:: AVAILABLE DATA ::
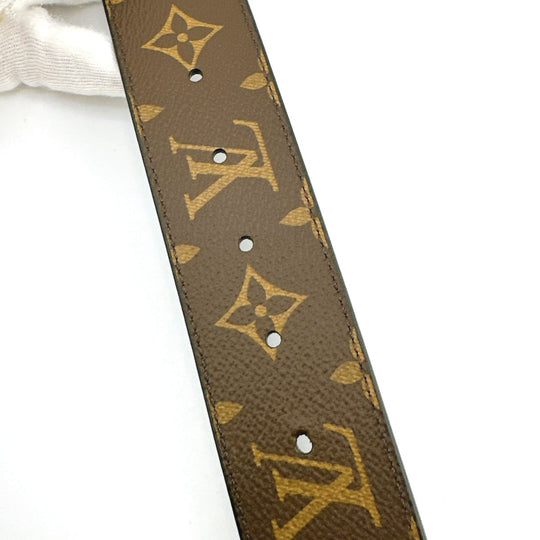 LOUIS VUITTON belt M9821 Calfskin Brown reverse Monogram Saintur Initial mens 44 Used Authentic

* * *

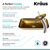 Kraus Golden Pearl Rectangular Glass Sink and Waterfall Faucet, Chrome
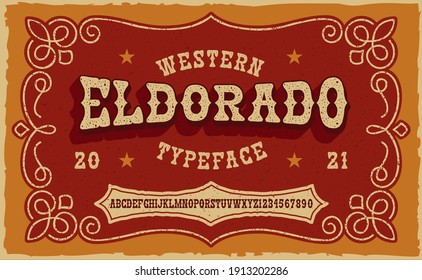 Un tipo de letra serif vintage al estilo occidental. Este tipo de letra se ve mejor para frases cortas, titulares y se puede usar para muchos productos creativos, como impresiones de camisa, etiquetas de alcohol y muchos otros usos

:: ACTIVITY ::
From the records above, output only the lines starting at the one containing "Kraus Golden Pearl" and ending at the one containing "Un tipo de letra", word for word. Pictures stay out.

:: WRITTEN SOLUTION ::
 Kraus Golden Pearl Rectangular Glass Sink and Waterfall Faucet, Chrome
 Un tipo de letra serif vintage al estilo occidental. Este tipo de letra se ve mejor para frases cortas, titulares y se puede usar para muchos productos creativos, como impresiones de camisa, etiquetas de alcohol y muchos otros usos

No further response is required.